Non-response: missing value in the record - eg. the respondent forgot/refused to answer some question

### Non-response in Czech census 2001

Question Title Number of
values
Non-response
in %
1. Region of residence 14 0.00
2. Type of residence 3 0.00
3. Economic activity 10 0.80
4. Birth place (relatively) 6 1.95
5. Religion 6 0.00
6. Occupation type 14 3.89
7. Sex 2 0.00
8. Marital status 4 0.55
9. Education 14 1.11
10. Age 9 0.03
11. Category of flat 5 0.53
12. Bathroom 5 0.59
13. Size of flat 7 0.64
14. Internet and PC 4 2.85
15. Legal relation to flat 9 0.39
16. Gas supply 3 0.78
17. Number of rooms over 8m2 7 0.64
18. Number of cars in household 4 3.39
19. Number of persons in flat 6 0.00
20. Vacational property 6 7.45
21. Telephone in flat 5 1.80
22. Water supply 4 0.35
23. Type of heating 6 0.53
24. Toilet 6 0.50

## Treatment of Non-response

1. non-response as specific value
2. non-response as unknown value
3. estimation of missiong values

## 2001 Czech Census

1. 1,524,240 incomplete records (ie. 15%)
2. 2,933,427 missing values
3. estimation accuracy: 73%

## Remark

A typical feature of census data is the presence of incomplete records.

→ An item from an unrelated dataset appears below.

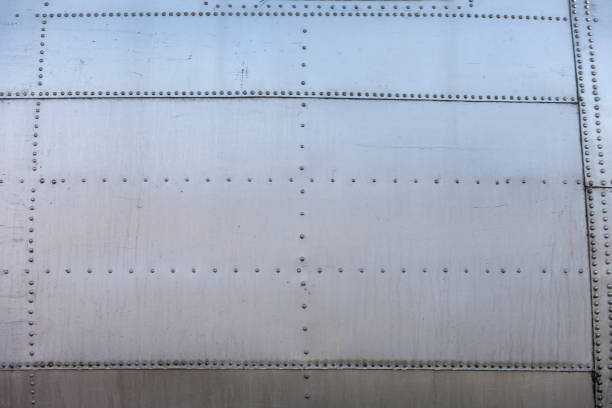 istock Old Aircraft Metal Covering tiles Texture 1257954930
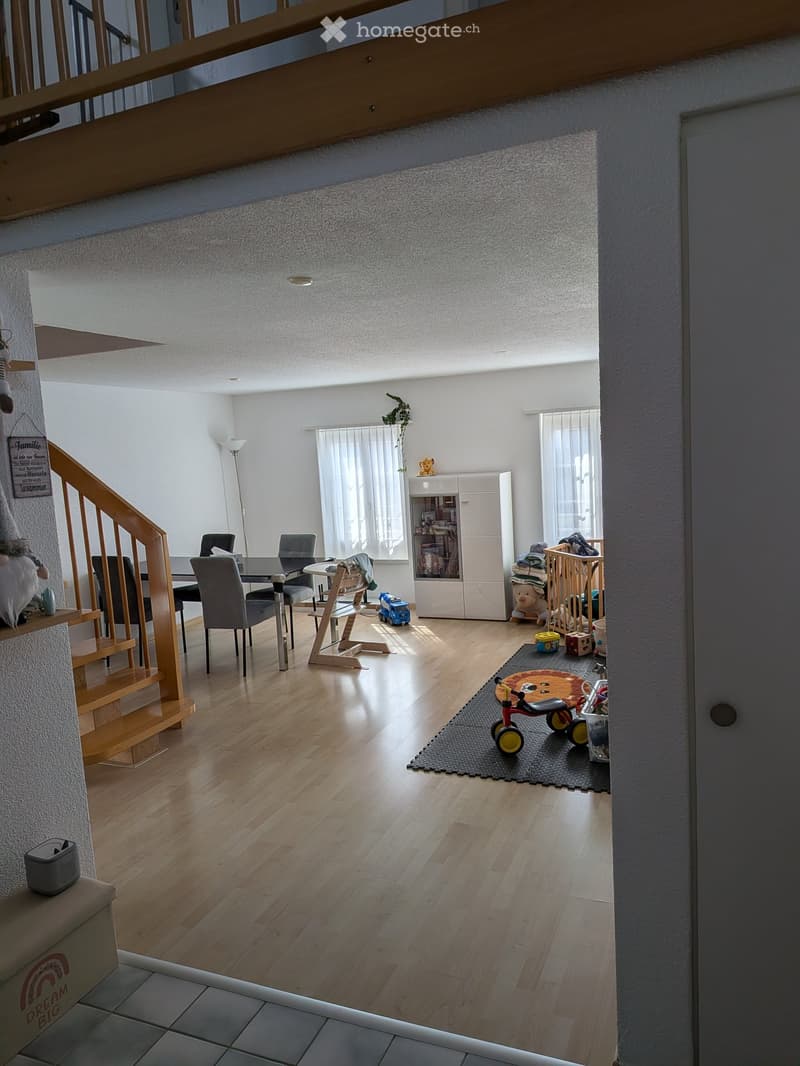 Bright, open living space with wooden flooring, a staircase leading to an upper level, a dining area with chairs and a table, a cabinet, and various children's toys including a tricycle, baby chair, and baby walker.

In our experiments the census database (cf. Paper) included 1 524 240 incomplete records containing up to eighteen missing values. For this reason we decided to solve the estimation problem in two steps. First we estimated the mixture model from incomplete data by means of a modified EM algorithm and then the resulting mixture has been used to replace the missing values by estimates. In other words, we have replaced each non-response by the the most probable response with respect to the known part of the record. In the second step we have used the completed database to estimate the final distribution mixture.

There is no direct possibility to verify if the replacement of missing values has been done correctly but we can simulate an analogous situation by estimating the known values. In particular, for each variable separately, we have randomly chosen records for which the value of the tested variable was available. Then for each record we have computed the corresponding estimate of this value and compared it with the true original. On the average 73% of missing values would be correctly identified by the maximum-likelihood estimates.